We analyze the effects of the local Coulomb interaction on a topological band insulator (TBI) by applying the dynamical mean-field theory to a generalized Bernevig-Hughes-Zhang model having electron correlations. It is elucidated how the correlation effects modify electronic properties in the TBI phase at finite temperatures. In particular, the band inversion character of the TBI inevitably leads to the large reduction of the spectral gap via the renormalization effect, which results in the strong temperature dependence of the spin Hall conductivity. We clarify that a quantum phase transition from the TBI to a trivial Mott insulator, if it is nonmagnetic, is of first order with a hysteresis. This is confirmed via the interaction dependence of the double occupancy and the spectral function. A magnetic instability is also addressed. All these results imply that the spectral gap does not close at the transition.

Figure 1

(a) Sketch of the BHZ model on a square lattice. The hopping integral between orbitals depends on $\theta$ which defines the angle between hopping direction and $x$ axis. (b) Sketch of the DMFT. The lattice model is mapped to an effective impurity model.

Figure 2

The spin Hall conductivity as a function of the interaction strength.
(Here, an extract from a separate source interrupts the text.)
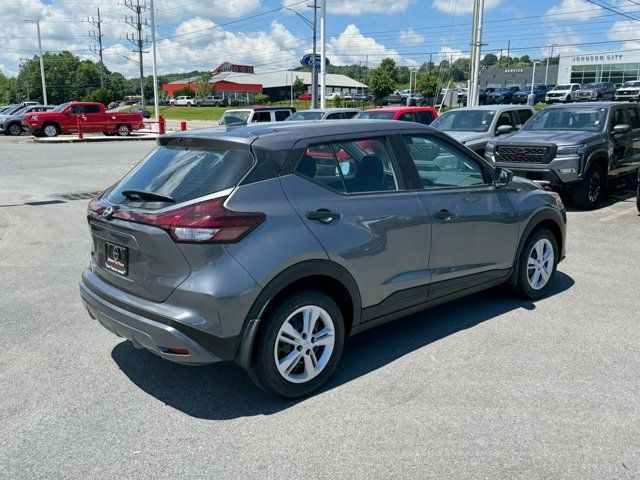 2024 Nissan Kicks S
Solid circles, open triangles, and open circles denote the conductivity at $T=0.04$, $0.05$, and $0.08$, respectively. Note that the data plotted in this figure are those calculated with increasing interaction from the small $U$ region. The data with decreasing $U$ give a different transition point, giving rise to a hysteresis; an example of the hysteresis behavior is shown in the upper inset for the $T/t=0.05$ case. For the detailed discussion on the hysteresis, see Sec. 3b. Lower inset: Spin Hall conductivity as a function of temperature. Open triangles show the data at $U=8$. The solid red line shows the data calculated with the renormalized parameters which are obtained by low-energy expansion at $U=8$.

Figure 3

Upper panel: Local density of states for each value of $U$. Panels (a), (b), and (c) correspond to the TBI phase, while panels (d), (e), and (f) correspond to the MI phase, respectively. Note that in $11.5<U/t<12.125$, a hysteresis is found. Lower panel: Renormalized energy splitting between the two orbitals.

Figure 4

Double occupancy of each orbital as a function of interaction: (a) $T/t=0.05$, (b) $T/t=0.12$. Note that at $T/t=0.12$, no hysteresis is found.

Figure 5

(a) Sketch of the spin configuration in the AF phase. Electron spins are denoted by the blue arrows. The numbers 1, 2 specify the orbital indices. (b) Magnetic moment as a function of the interaction at $T/t=0.05$.

Figure 6

The temperature vs interaction phase diagram. The dotted blue line denotes the second-order transition between the TBI phase (including the high-temperature region connected via crossover) and the AF phase. If the AF phase is suppressed, a first-order Mott transition can be observed (see text). Solid red lines denote the Mott transition line, where the coexistence phase accompanied by the hysteresis is found in the region surrounded by red lines.